### Your instructions
Reproduce the records below exactly; the images should not appear.

### Task material
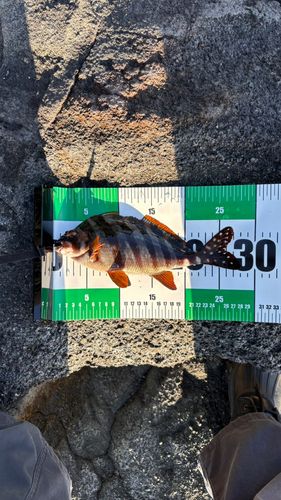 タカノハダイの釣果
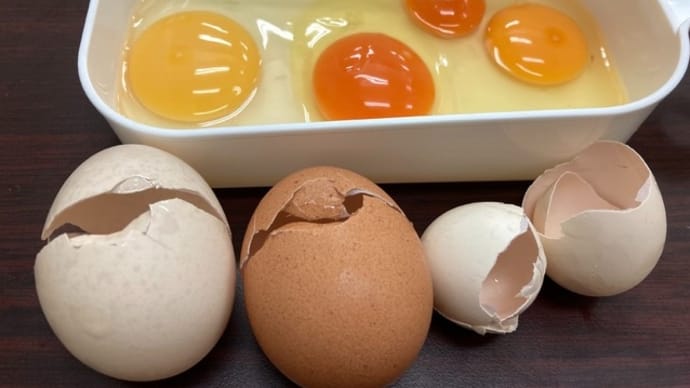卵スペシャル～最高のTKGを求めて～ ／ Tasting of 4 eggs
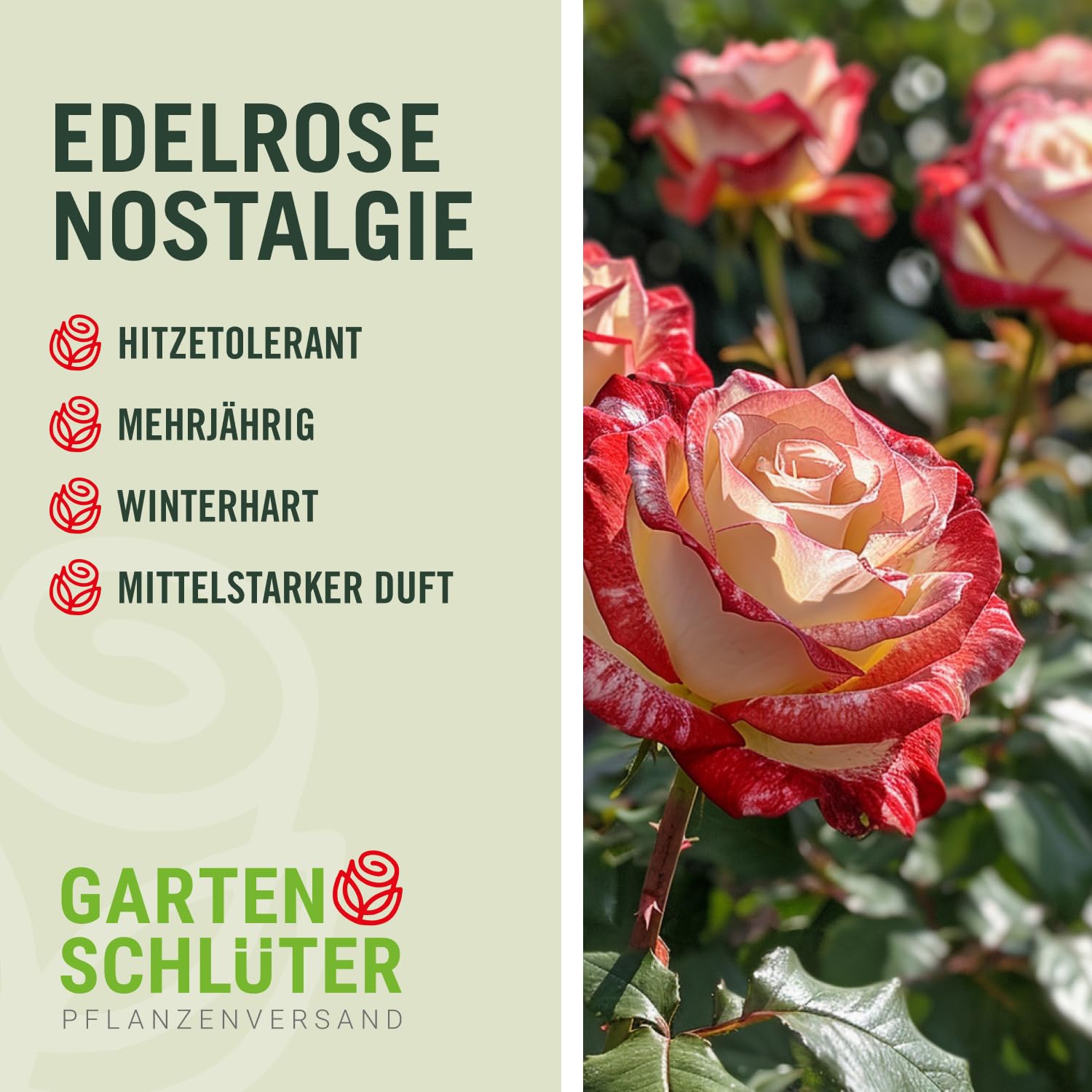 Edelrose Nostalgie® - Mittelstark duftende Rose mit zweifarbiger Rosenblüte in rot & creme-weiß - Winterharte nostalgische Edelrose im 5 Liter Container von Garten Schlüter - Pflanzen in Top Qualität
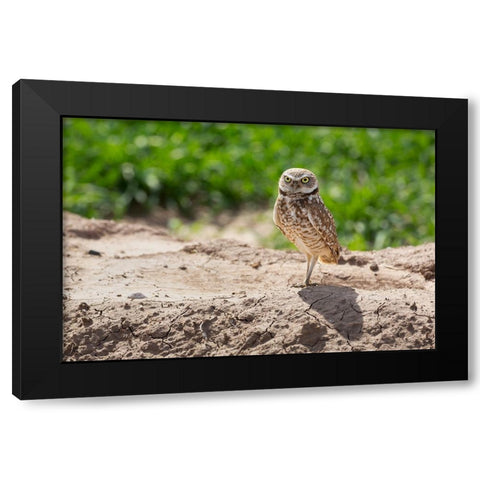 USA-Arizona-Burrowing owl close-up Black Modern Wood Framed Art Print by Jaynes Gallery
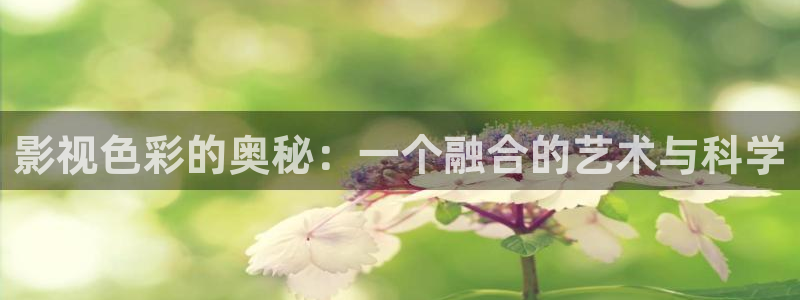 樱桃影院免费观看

### Completed task
 タカノハダイの釣果
卵スペシャル～最高のTKGを求めて～ ／ Tasting of 4 eggs
 Edelrose Nostalgie® - Mittelstark duftende Rose mit zweifarbiger Rosenblüte in rot & creme-weiß - Winterharte nostalgische Edelrose im 5 Liter Container von Garten Schlüter - Pflanzen in Top Qualität
 USA-Arizona-Burrowing owl close-up Black Modern Wood Framed Art Print by Jaynes Gallery
 樱桃影院免费观看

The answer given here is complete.